Your copy should match the records exactly, except that it contains no pictures.

-*-

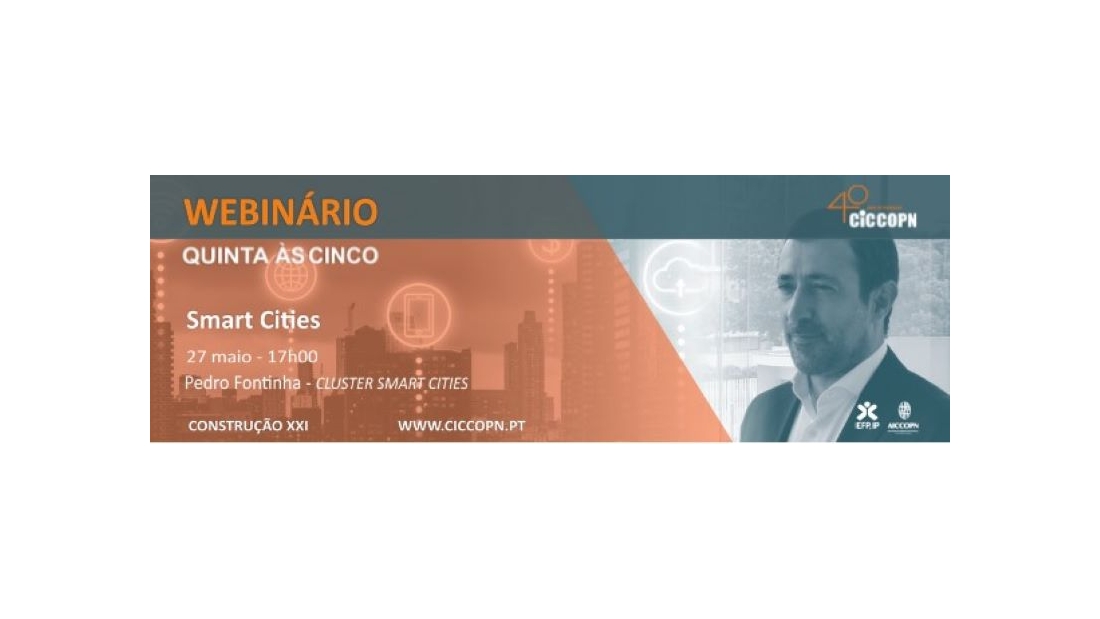 Webinário Smart Cities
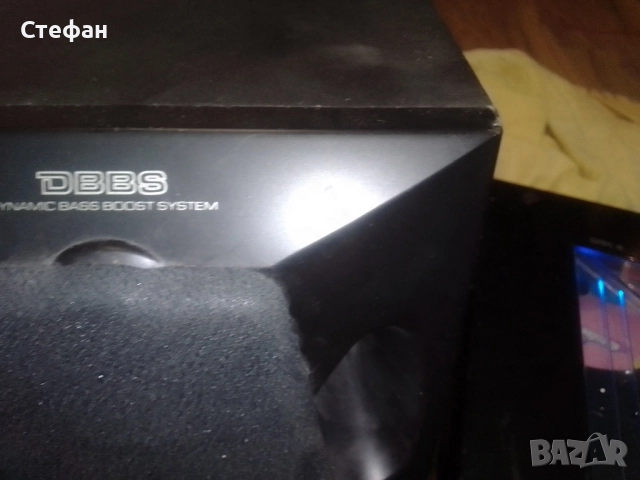 Аудио уредба със тонколони комплект , снимка 6 - Аудиосистеми - 51640954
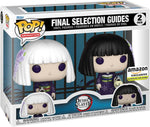 Funko Pop! Animation: DEMON SLAYER FINAL SELECTION GUIDES KANATA AND KIRIYA GLOW IN THE DARK [AMAZON EXCLUSIVE] 2 PACK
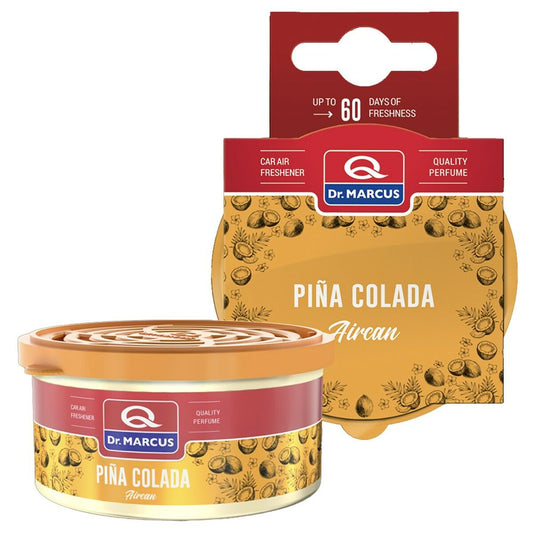 Αποσμητικό Αυτοκινήτου Dr Marcus Aircan Pina Colada 40 g Άρωμα Kουτί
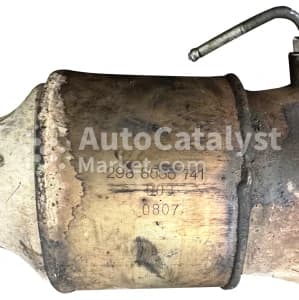 Катализатор от Opel, General Motors, Vauxhall GM 202 (CERAMIC + DPF) №3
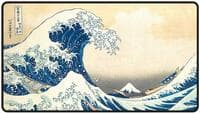 Ultra Pro: Fine Art Black-Stitched Playmat - The Great Wave Off Kanagawa - Ultra Pro Playmats - Playmats card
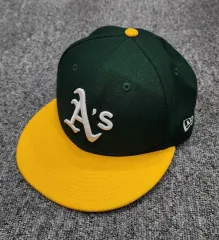 NEW ERA(ニューエラ) オークランド 陸上競技 YOUTH スナップバック 帽子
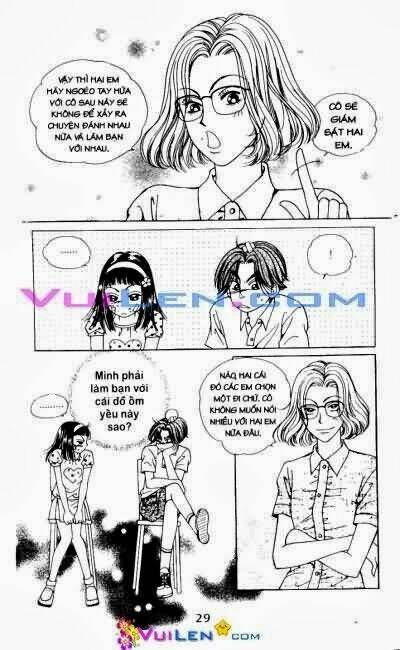 cô bé táo bạo chapter 4 29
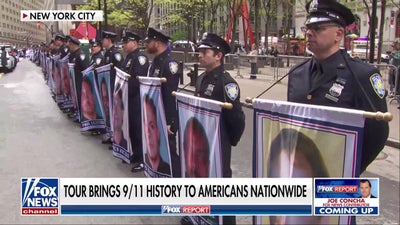 Tunnel to Towers launches cross-country 9/11 steel beam tour
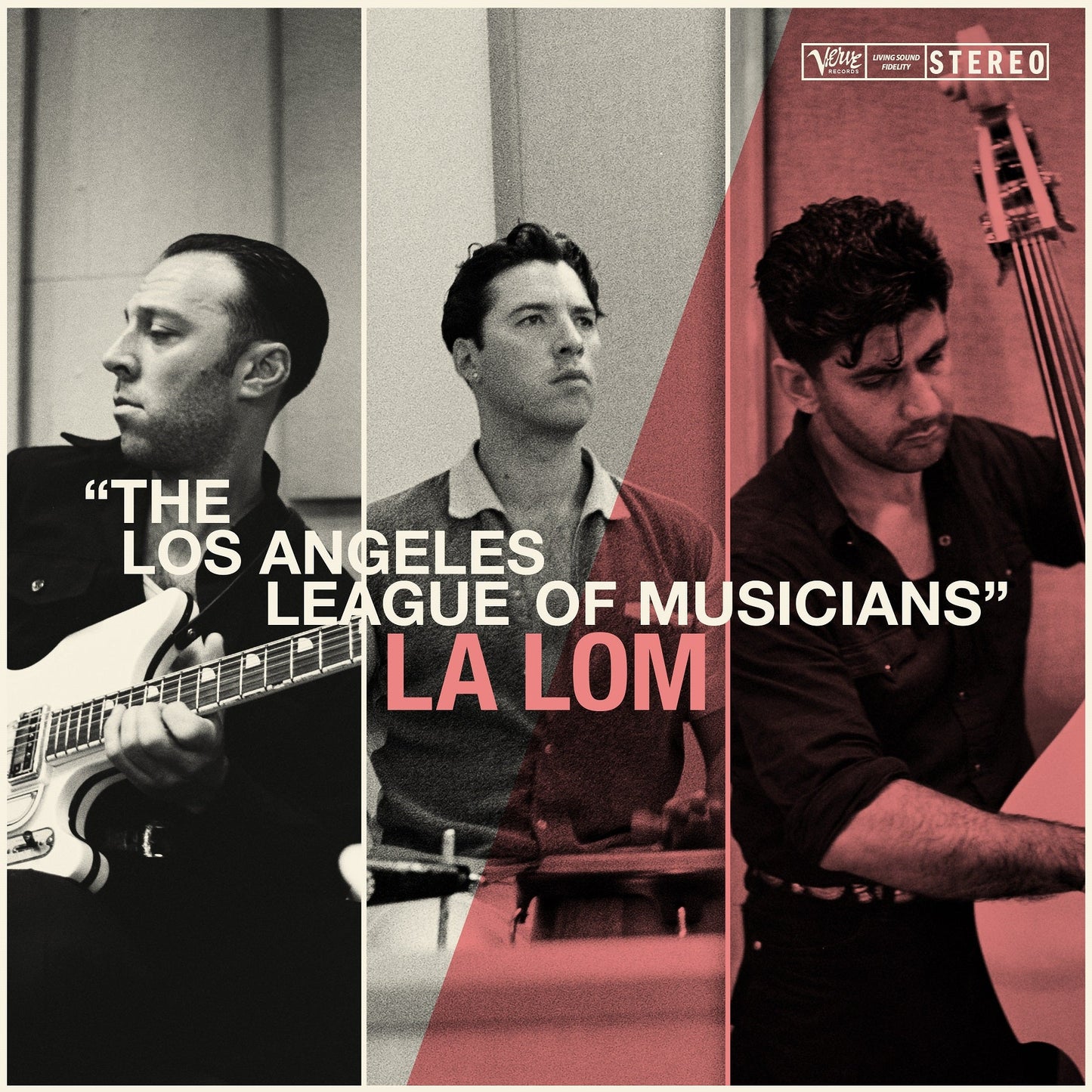 LA LOM - The Los Angeles League of Musicians - VINYL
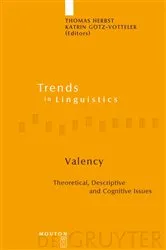 Book cover of Valency by Unknown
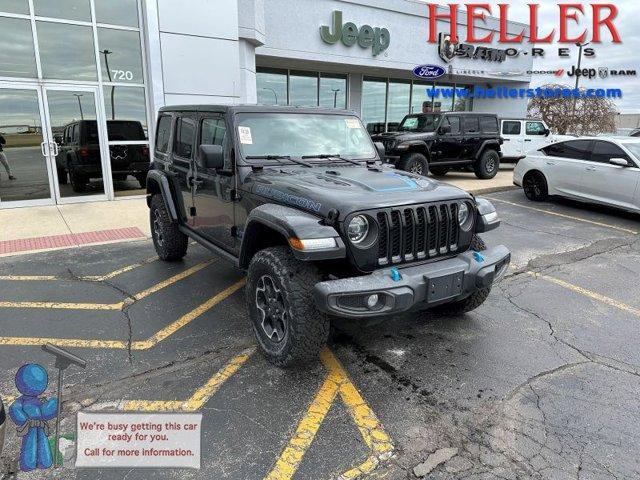 used 2022 Jeep Wrangler Unlimited 4xe car, priced at $41,962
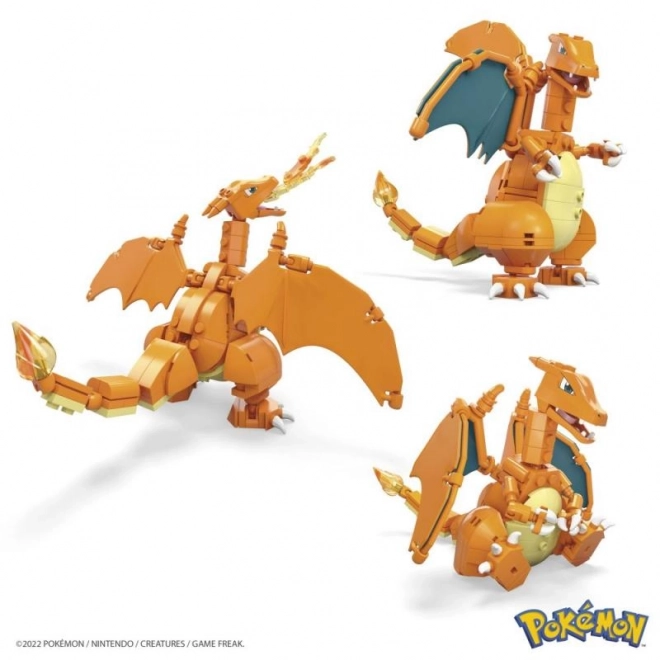 Mega Charizard Pokemon građevinski set GWY77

-*-

» **ANSWER SECTION**:
 Webinário Smart Cities
 Аудио уредба със тонколони комплект , снимка 6 - Аудиосистеми - 51640954
 Funko Pop! Animation: DEMON SLAYER FINAL SELECTION GUIDES KANATA AND KIRIYA GLOW IN THE DARK [AMAZON EXCLUSIVE] 2 PACK
 Αποσμητικό Αυτοκινήτου Dr Marcus Aircan Pina Colada 40 g Άρωμα Kουτί
 Катализатор от Opel, General Motors, Vauxhall GM 202 (CERAMIC + DPF) №3
 Ultra Pro: Fine Art Black-Stitched Playmat - The Great Wave Off Kanagawa - Ultra Pro Playmats - Playmats card
 NEW ERA(ニューエラ) オークランド 陸上競技 YOUTH スナップバック 帽子
 cô bé táo bạo chapter 4 29
 Tunnel to Towers launches cross-country 9/11 steel beam tour
 LA LOM - The Los Angeles League of Musicians - VINYL
 Book cover of Valency by Unknown
 used 2022 Jeep Wrangler Unlimited 4xe car, priced at $41,962
 Mega Charizard Pokemon građevinski set GWY77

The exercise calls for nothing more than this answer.